- **The input**
============================================================

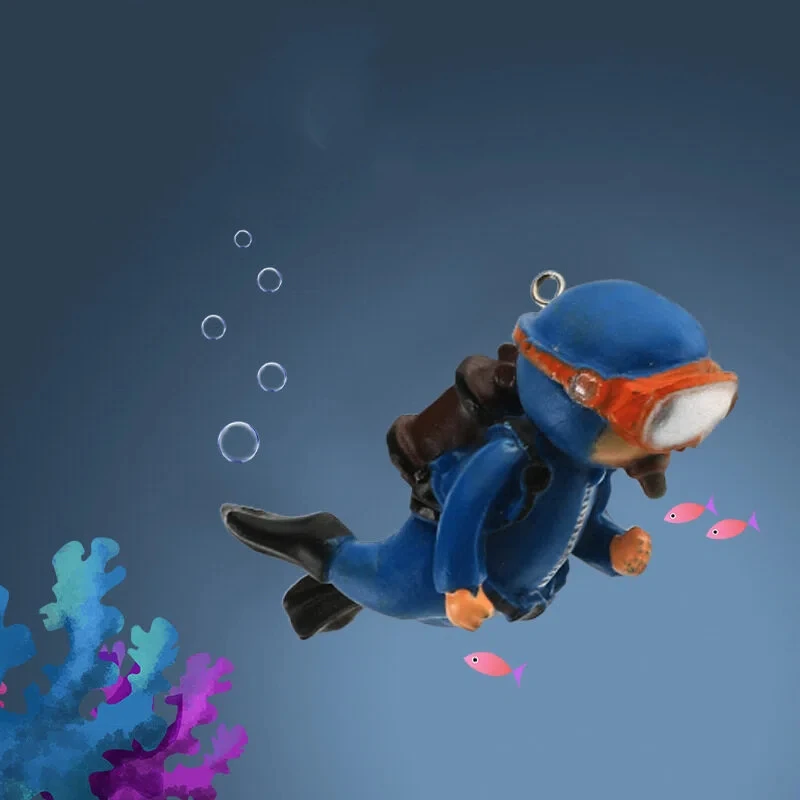Accesorios de decoración flotante para acuario de dibujos animados, bonito buzo, Surf, niño, ballena, niña, figura de Anime, decoración, adorno de paisajismo para pecera - imagen 5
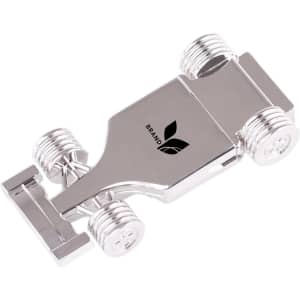 A silver racing car-shaped flash drive featuring four wheels and a logo on the body.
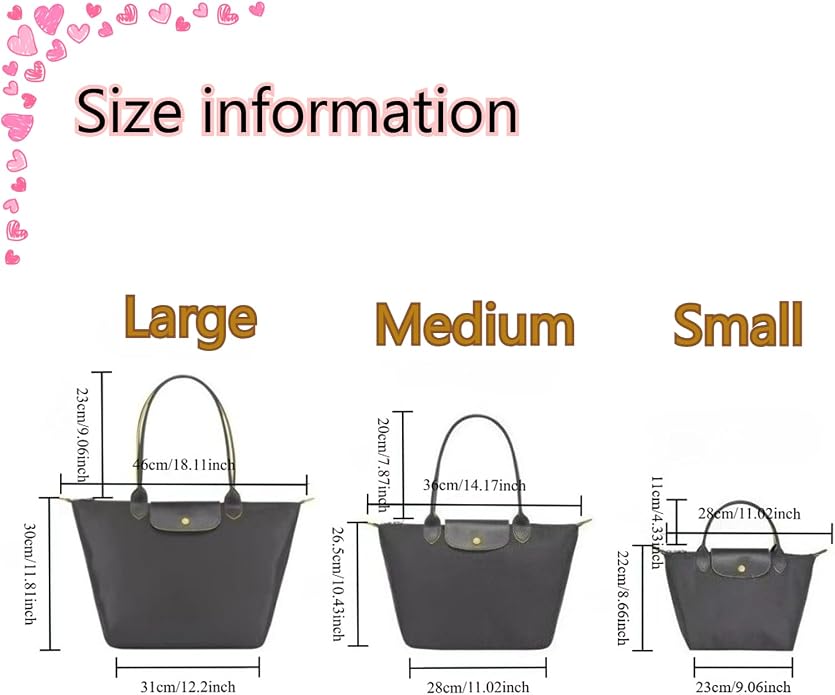 Women's Nylon Tote Bag, Large Capacity Waterproof Shoulder Bags, Spacious Handbag with Metal Zipper & Compartments - Image 3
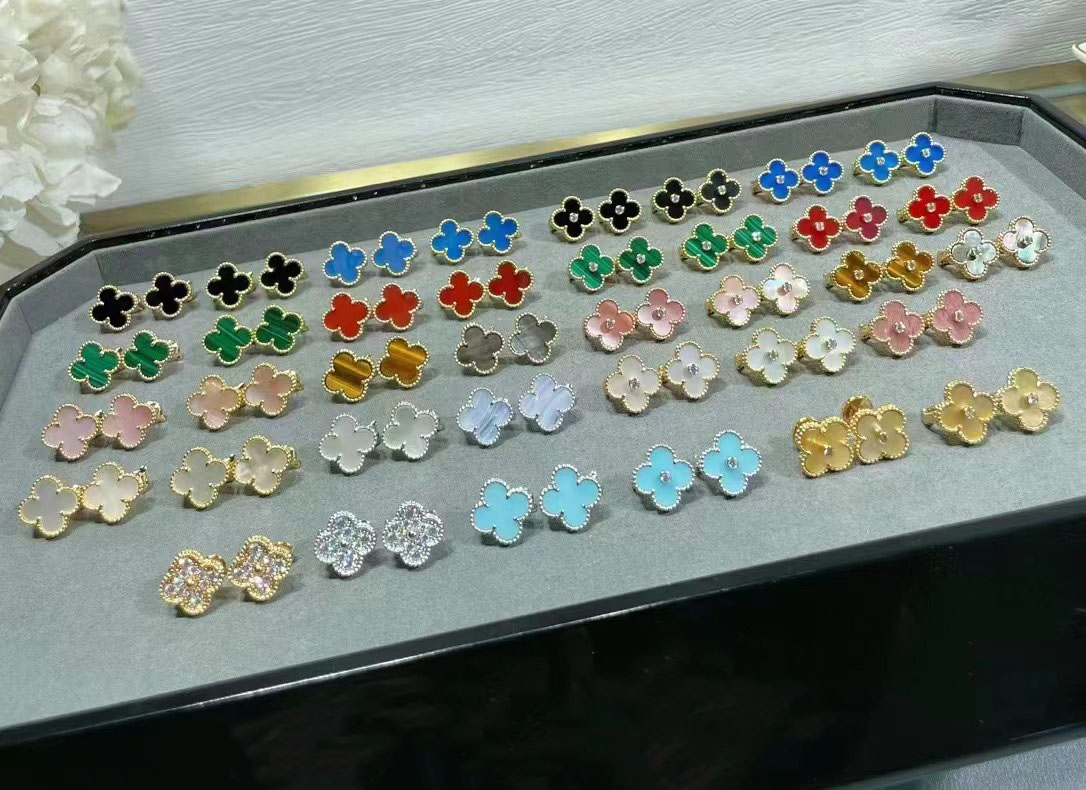 

Luxury VA Brand Clover Designer Earrings Stud Gold Black White Blue Stone Sweet Flower 15mm 4 Leaf Earings Earring Ear Rings A Jewelry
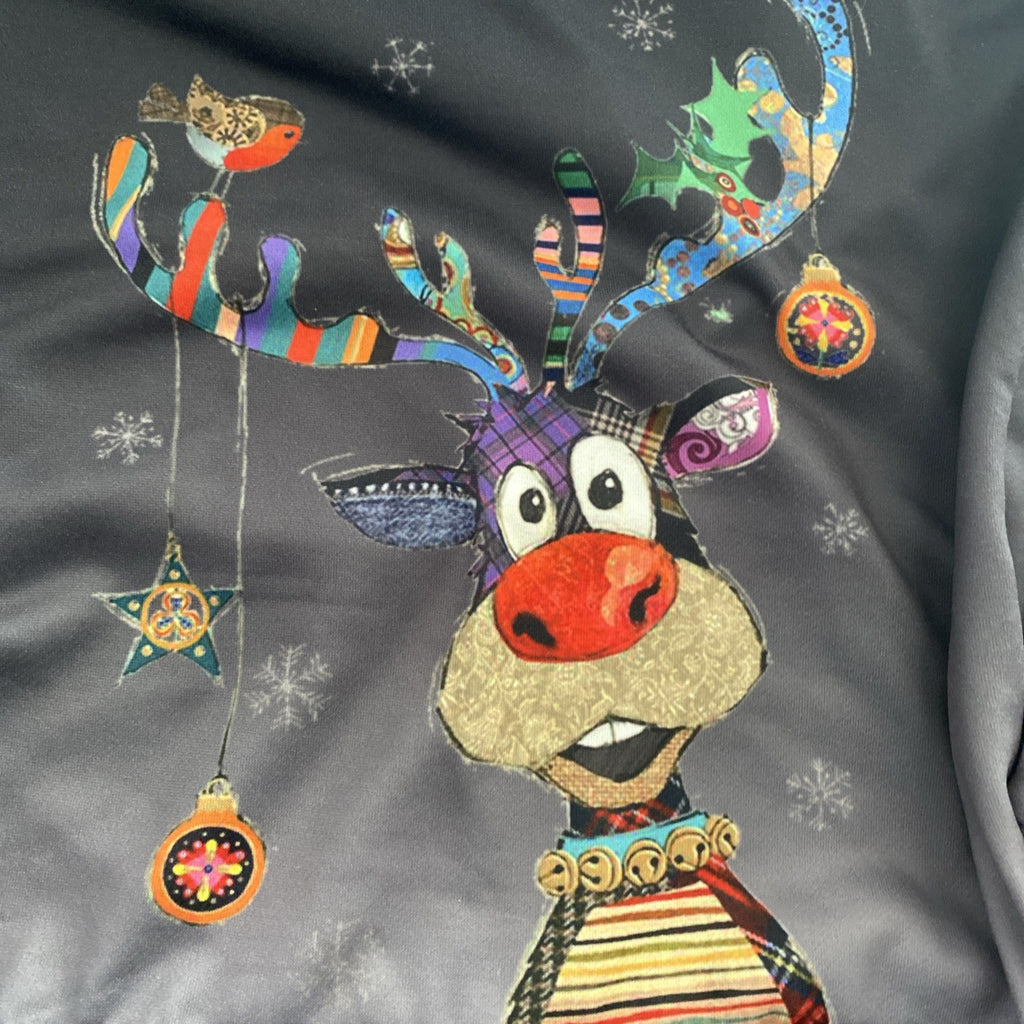 Merry Christmas Long Sleeve Stretch Top Reindeer w/Multi-Color Antlers -Size Med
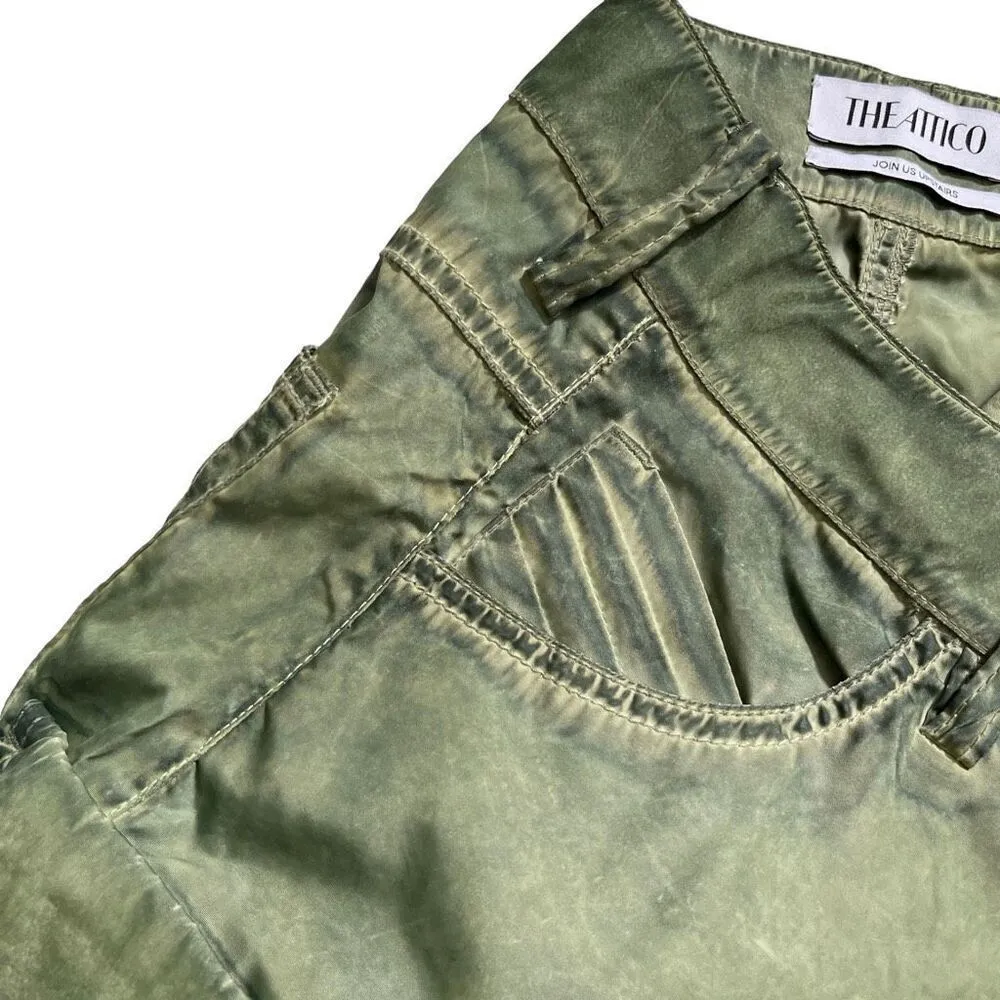 THE ATTICO Fern Long‎ Pant in Military Green Green Size XXS - Image 5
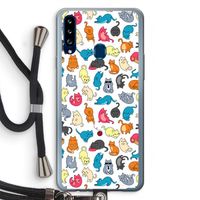 Kleurrijke katten: Samsung Galaxy A20s Transparant Hoesje met koord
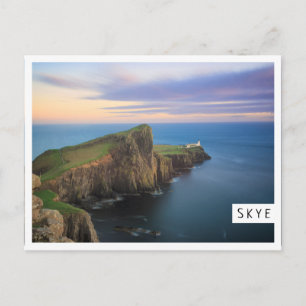 Cartão Postal Farol ponto-tenra em Skye no pôr do sol
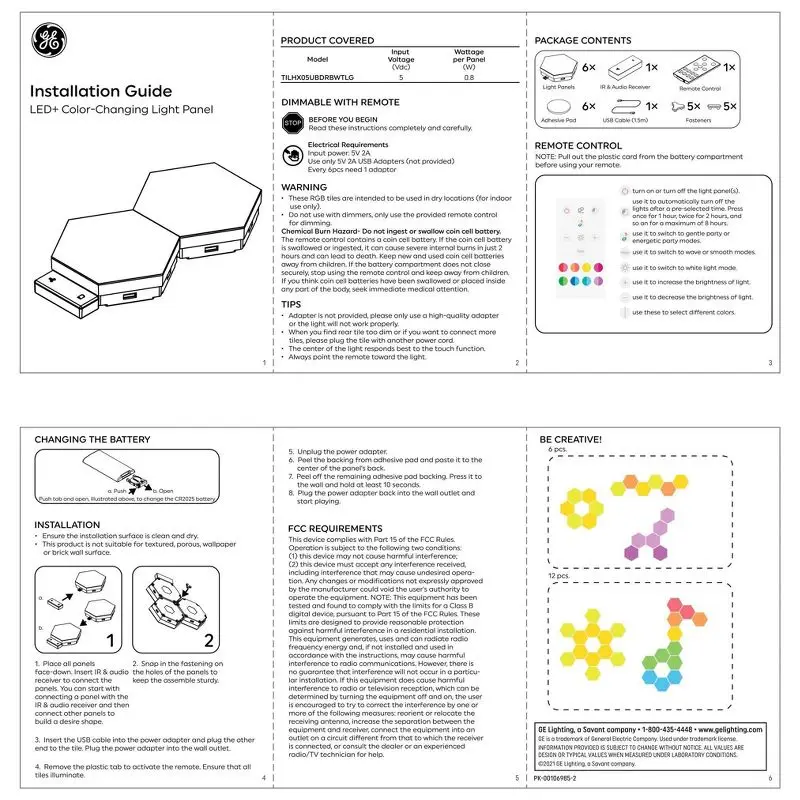 6 Pack Hexagon LED Panel Lights with Remote Music Sync 16 Colors Dimmable Modern Mosaic Decor for Room Home Party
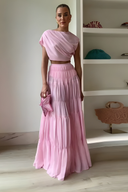 Round Neck Pleated Pink Patchwork Maxi Two-Piece Set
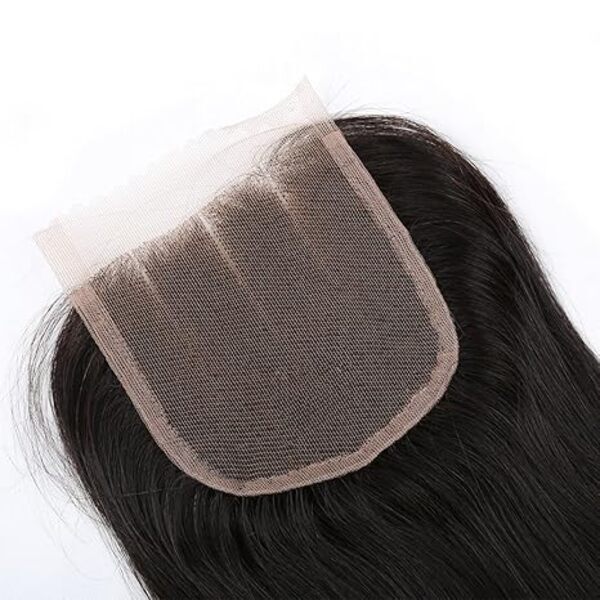 Lace Closure 3 Part Straight Brazilian Virgin Human Hair Closure 4x4 Natural Black Hair Color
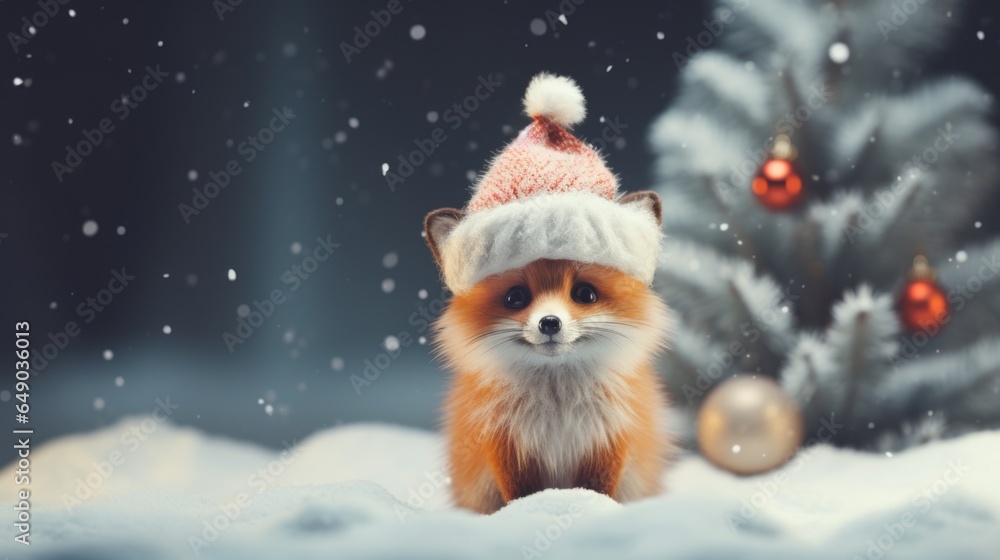 A little fox wearing a santa hat in the snow A little fox wearing a santa hat in the snow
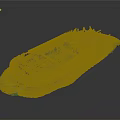 Ancient Shipwreck Model With Clear Hull Structure Green Base And Rusted Texture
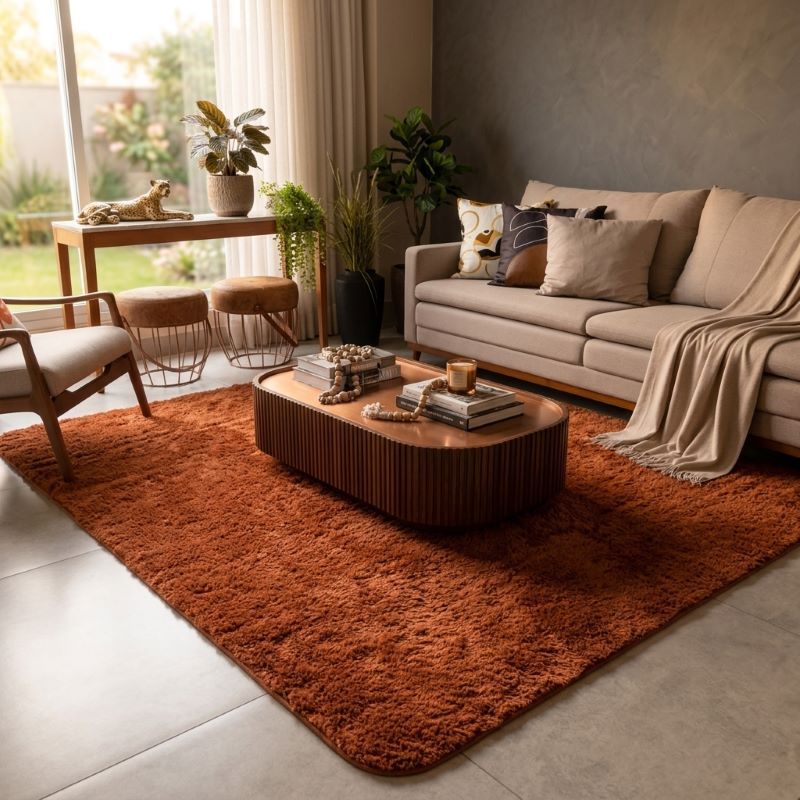 Tapete Peludo Shaggy 300x250 Macio Antiderrapante Sem Emenda Grande para Sala Quarto Decoração Moderna Sofisticada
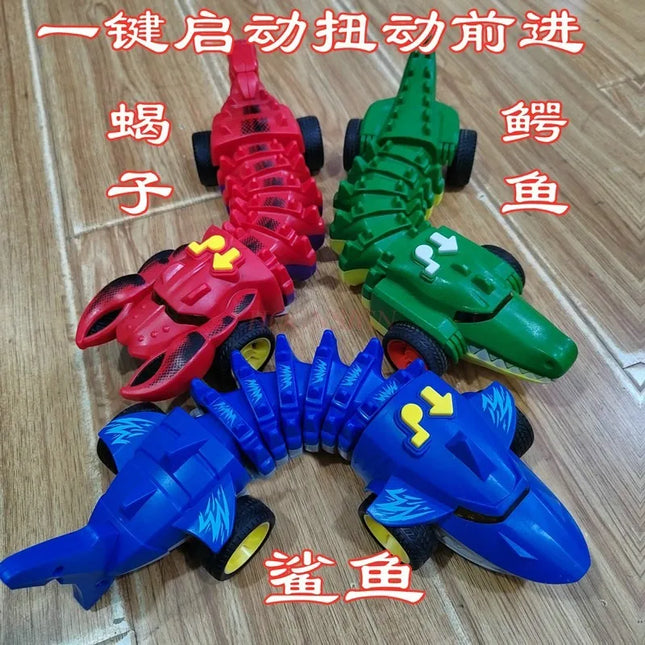 Electric Mechanical Shark Fighting Bone Car Children's Music Light Twisting Crawling Scorpion Crocodile Boy Puzzle Toy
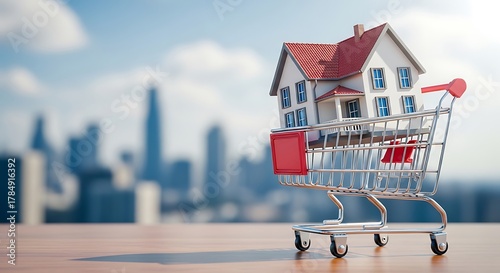 Miniature house inside a shopping cart against a blurred cityscape background background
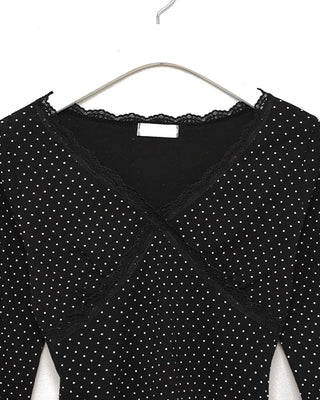 V-neck lace polka dot T-shirt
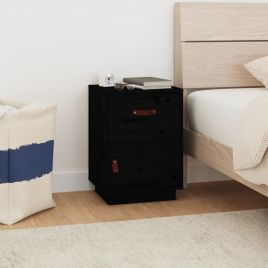 Bedside Table - SALEM Sam Nightstand Black 40cm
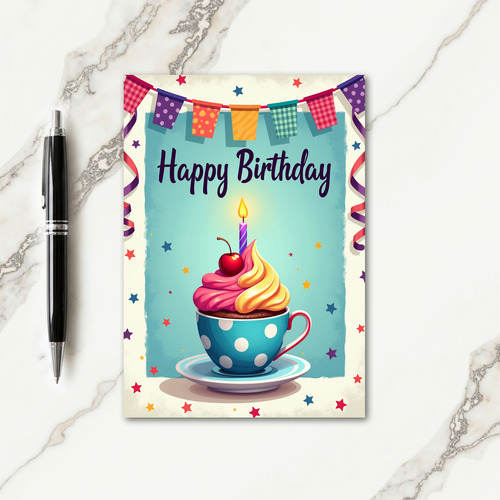 Charming Teacup Birthday Card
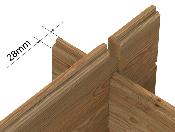 Abri de Jardin Alice 6.1 m² 296x250cm-28 mm - Bois traité Autoclave Classe 4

============================================================

- **Problem to work on**
The output consists of exactly the lines from the one containing "A little fox wearing a santa hat in the snow A" through the last line of the listing, both included, with no pictures.

- **Exercise result**
 A little fox wearing a santa hat in the snow A little fox wearing a santa hat in the snow
 Ancient Shipwreck Model With Clear Hull Structure Green Base And Rusted Texture
 Tapete Peludo Shaggy 300x250 Macio Antiderrapante Sem Emenda Grande para Sala Quarto Decoração Moderna Sofisticada
 Electric Mechanical Shark Fighting Bone Car Children's Music Light Twisting Crawling Scorpion Crocodile Boy Puzzle Toy
 Miniature house inside a shopping cart against a blurred cityscape background background
 V-neck lace polka dot T-shirt
 Bedside Table - SALEM Sam Nightstand Black 40cm
 Charming Teacup Birthday Card
 Abri de Jardin Alice 6.1 m² 296x250cm-28 mm - Bois traité Autoclave Classe 4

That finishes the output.